John reports what happened when Jesus first appeared to his disciples:

On the evening of that day, the first day of the week, the doors being locked where the disciples were for fear of the Jews, Jesus came and stood among them and said to them, “Peace be with you.” When he had said this, he showed them his hands and his side. Then the disciples were glad when they saw the Lord. Jesus said to them again, “Peace be with you. As the Father has sent me, even so I am sending you.” And when he had said this, he breathed on them and said to them, “Receive the Holy Spirit.” (John 20:19-22)

Twice the risen Jesus blesses his disciples, “Peace be with you.” After the first blessing of peace, Jesus shows them his hands and his side. It’s really him. The visible stigmata of where he was pierced is a confirmation of what the prophet Isaiah promised long ago:

But he was pierced for our transgressions;
    he was crushed for our iniquities;
upon him was the chastisement that brought us peace,
    and with his wounds we are healed. (Isaiah 53:5)

His chastisement has brought them peace. His wounds have healed them.The peace he now gives them is peace in the fullest sense of the Hebrew word “shalom.” It’s the fullness of God’s salvation, it’s perfect atonement and reconciliation with God, it’s complete healing and restoration, and it’s the fullness of life and joy in God.

After the second blessing, the risen Christ commissions his disciples, “As the Father has sent me, even so I am sending you,” and then breathes on them and says, “receive the Holy Spirit.” They are made ambassadors of the peace of the risen Christ, commissioned in the abiding presence and power of the Holy Spirit. The peace of the risen Christ is received in the Spirit and the commissioning of the risen Christ is carried out in the Spirit.

The disciples receive the Spirit from the risen Christ, who fulfills the promises he made to them on the eve of his crucifixion. At the last supper, Jesus promised:

“But the Comforter, the Holy Spirit, whom the Father will send in my name, he will teach you all things and bring to your remembrance all that I have said to you. Peace I leave with you; my peace I give to you.” (John 14:26-27)

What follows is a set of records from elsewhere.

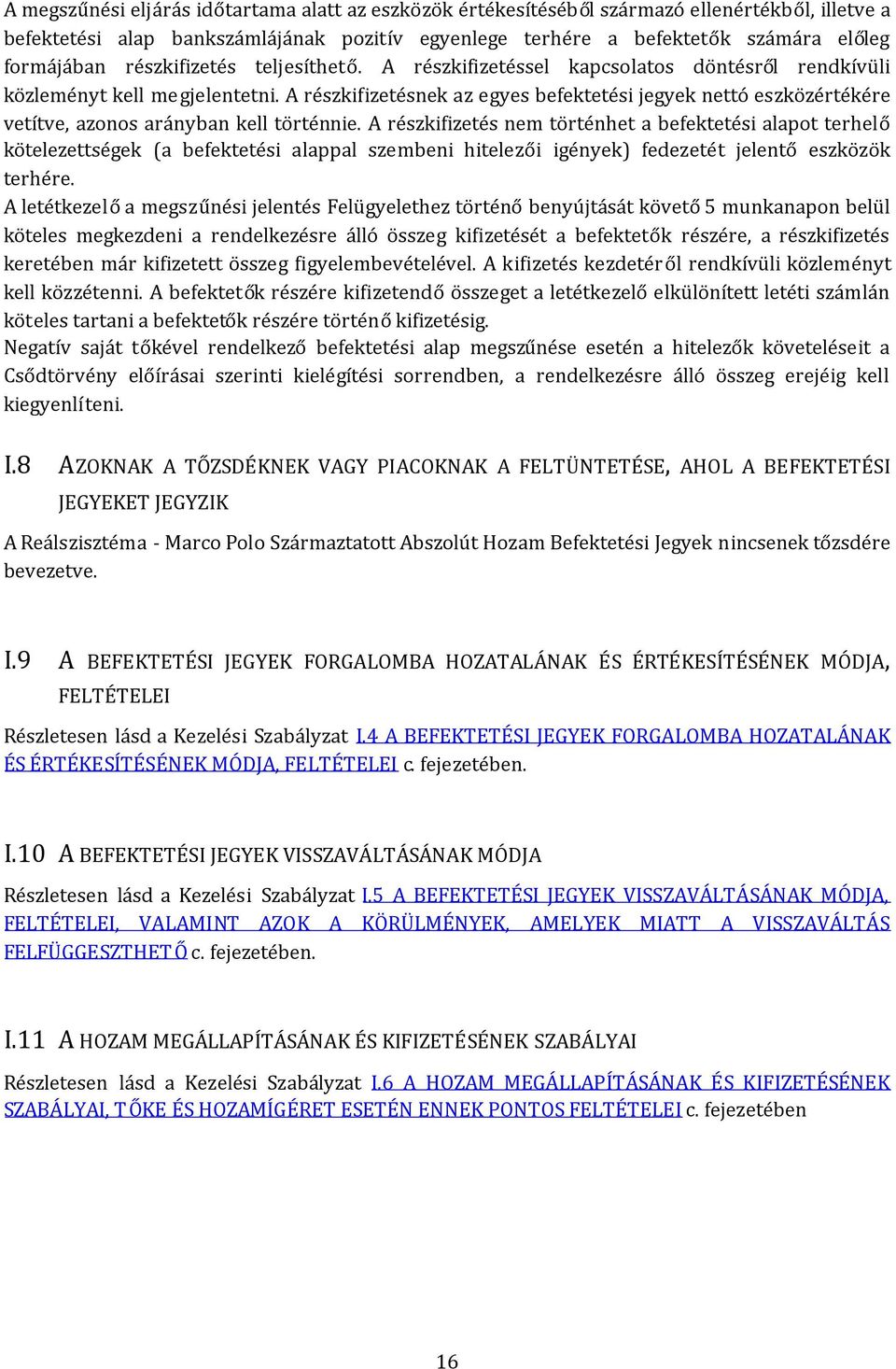 A részkifizetésnek az egyes befektetési jegyek nettó eszközértékére vetítve, azonos arányban kell történnie.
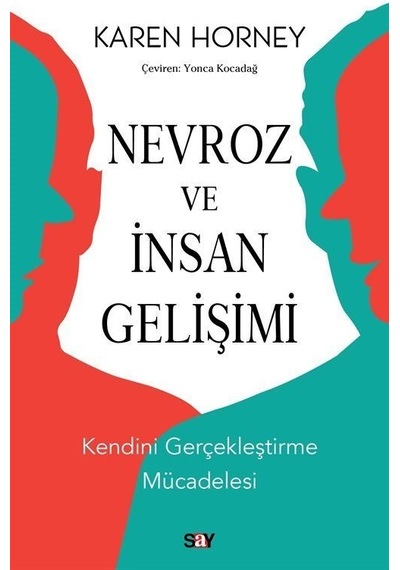 Nevroz ve İnsan Gelişimi - Kendini Gerçekleştirme Mucadelesi - Karen Horney - Say Yayınları
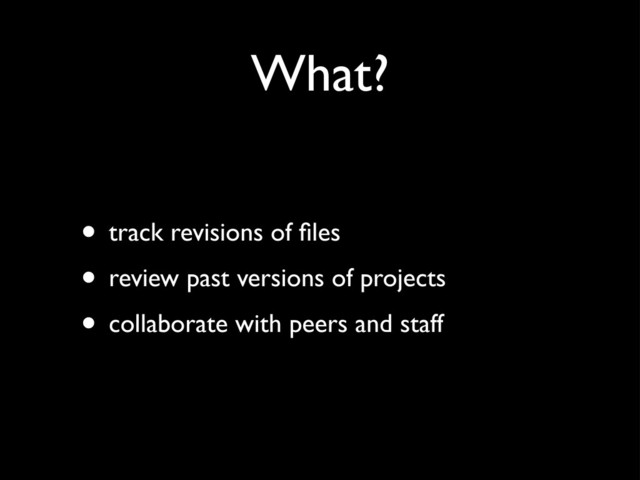 What?
• track revisions of ﬁles
• review past versions of projects
• collaborate with peers and staff

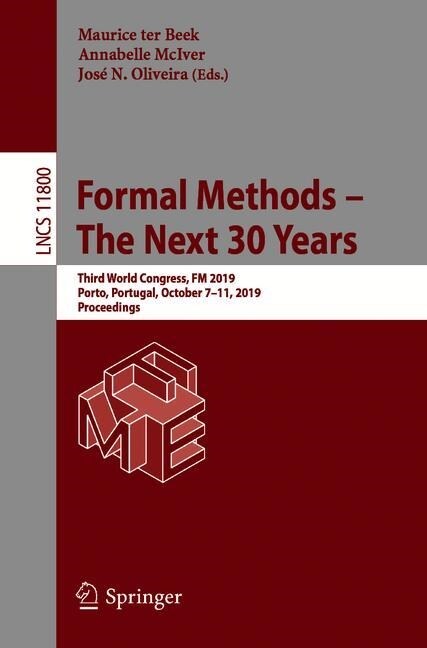 Formal Methods - The Next 30 Years: Third World Congress, FM 2019, Porto, Portugal, October 7-11, 2019, Proceedings (Paperback, 2019)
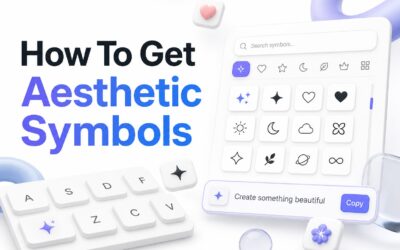 How to Get Aesthetic Symbols for Bios, Usernames, and Text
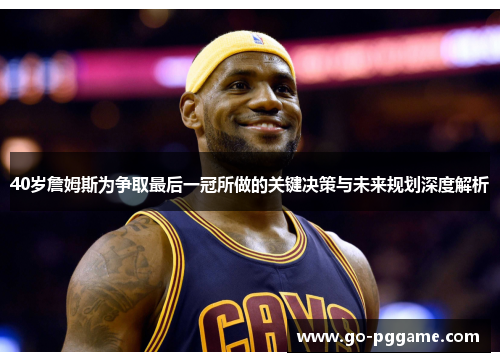 40岁詹姆斯为争取最后一冠所做的关键决策与未来规划深度解析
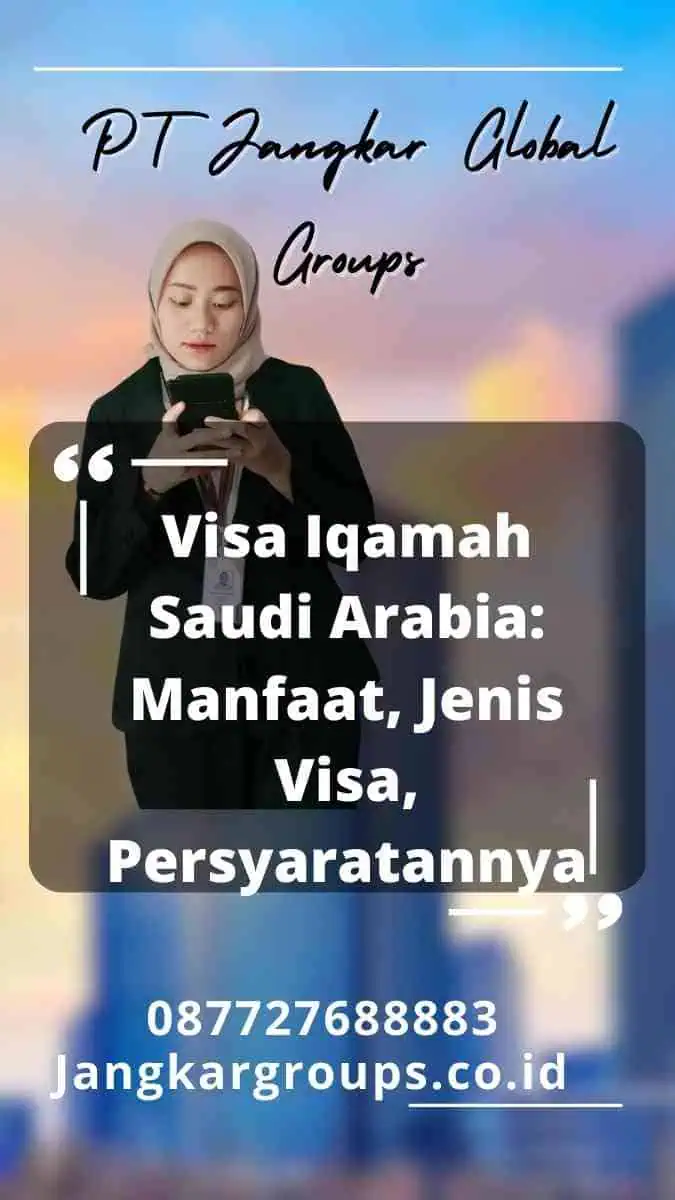 Visa Iqamah Saudi Arabia: Manfaat, Jenis Visa, Persyaratannya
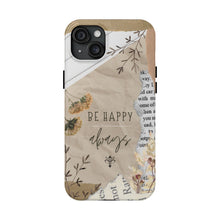 Load image into Gallery viewer, Be Happy Always Tough Phone Cases, Case-Mate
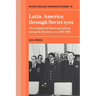Latin America Through Soviet Eyes: The Evolution of Soviet Perceptions During the Brezhnev Era 1964 1982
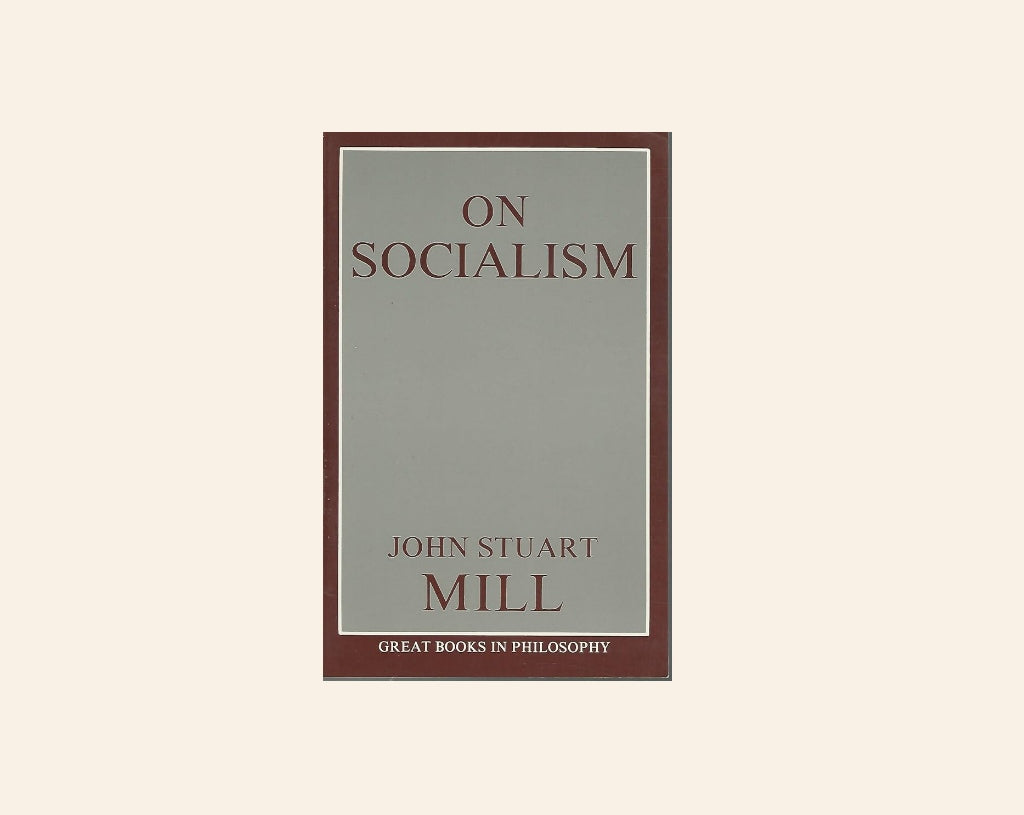 On socialism - John Stuart Mill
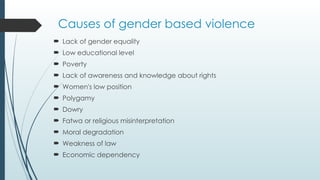 Causes of gender based violence
? Lack of gender equality
? Low educational level
? Poverty
? Lack of awareness and knowledge about rights
? Women's low position
? Polygamy
? Dowry
? Fatwa or religious misinterpretation
? Moral degradation
? Weakness of law
? Economic dependency
 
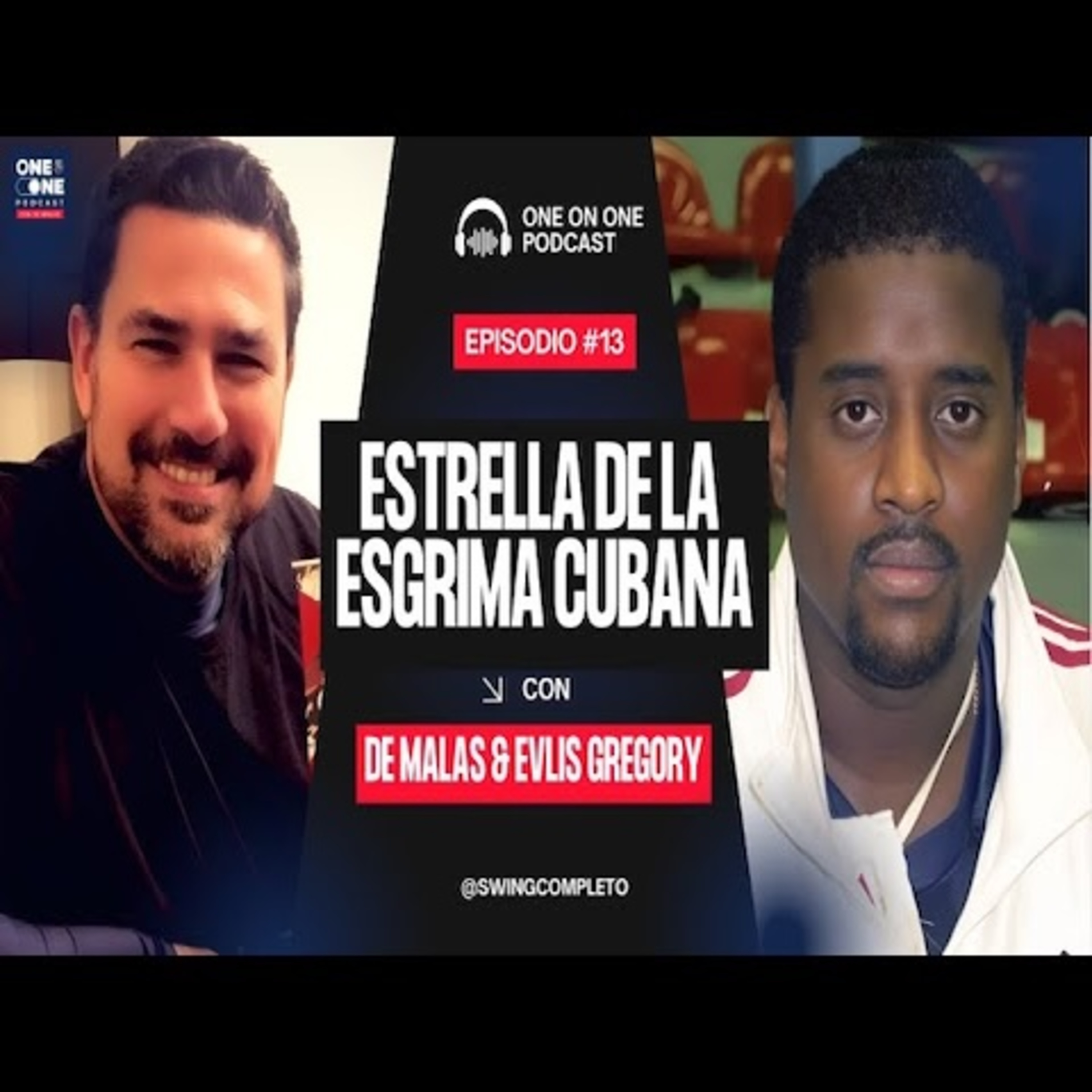 One on One con De Malas y Elvis Gregory, Estrella de la Esgrima Cubana | Ep. 13 episode artwork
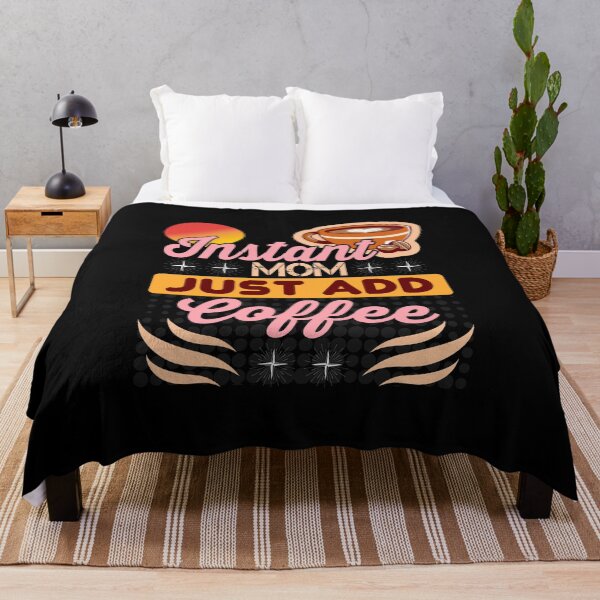 Item preview, Instant Mom Just Add Coffee, Funny Coffee Mom T-Shirt designed and sold by JoesCornerStore.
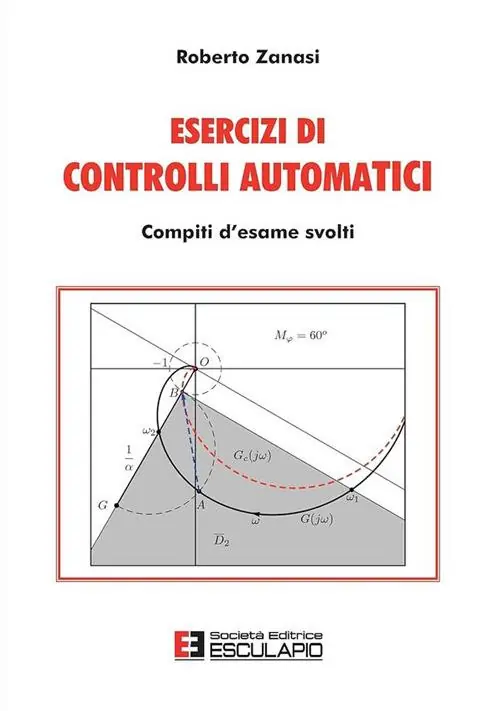Esclusivo Esercizi di controlli automatici. Compiti d‘esame svolti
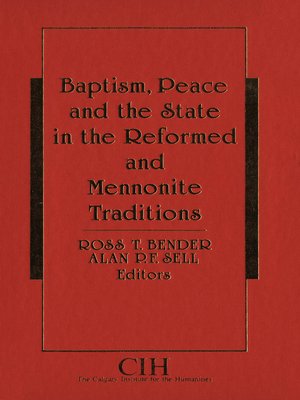cover image of Baptism, Peace and the State in the Reformed and Mennonite Traditions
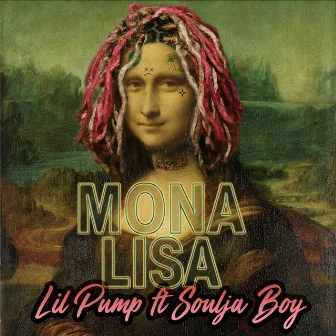 Mona Lisa by Soulja Boy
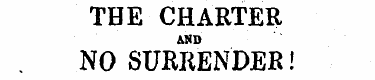 THE CHARTER AND NO SURRENDER! MEETING AT...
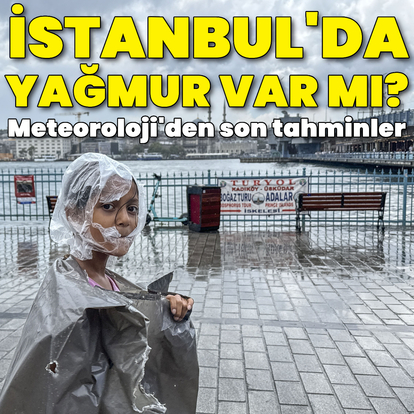 İstanbul'a yağmur yağacak mı? İşte son tahminler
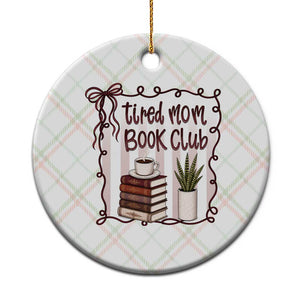 Tired Moms Book Club Ceramic Ornament Funny Coffee And Books Mom Gift TS12 1pc Christmas Plaid Print Your Wear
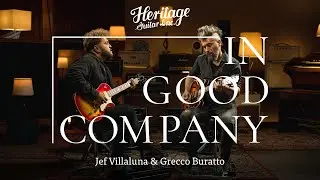 In Good Company with Jef Villaluna & Grecco Buratto | Standard H-150 P90 & Custom Core H-530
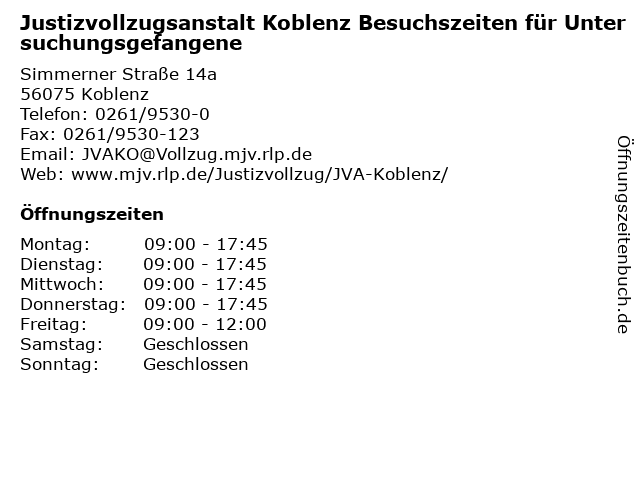 ᐅ Offnungszeiten Justizvollzugsanstalt Koblenz Besuchszeiten Fur Untersuchungsgefangene Simmerner Strasse 14a In Koblenz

The peace of the risen Christ is truly given and received, and eternally abides with the believer, because the Holy Spirit has been given and received,and eternally abides with the believer. The peace is permanent, because the Spirit is eternally God. The abiding Spirit also equips the church in her mission by teaching and bringing to remembrance the Word of Christ. As we abide in the Word of Christ, we abide in the peace of Christ.

Jesus also promised that the Spirit would illuminate and empower the church’s witness to Christ.

“But when the Helper comes, whom I will send to you from the Father, the Spirit of truth, who proceeds from the Father, he will bear witness about me. And you also will bear witness, because you have been with me from the beginning.” (John 15:26-27)

The Spirit’s witness to Christ is preserved in the writing of the Apostles. Their reception of the Spirit in the evening of that first day was for a specific Spirit-empowered ministry: apostolic witness and teaching, which is preserved in the New Testament. John himself received the Spirit and wrote this Gospel. He wrote it “so that you may believe that Jesus is the Christ, the Son of God, and that by believing you may have life in his name” (John 20:31). Through the centuries, the church has been the embassy of the risen Christ because of the abiding presence and power of the Spirit, who testifies through the church’s Gospel preaching, so that the world may believe that Jesus is the Christ, the Son of God and that by believing they may have life in his name.

At the end of this Easter season we celebrate the gift of the Holy Spirit on the day of Pentecost. The risen Son of God sends the Spirit of God, so that we may know and abide in the life and peace of the risen Son of God, and so that we may be equipped and empowered as the embassy of the risen Son of God.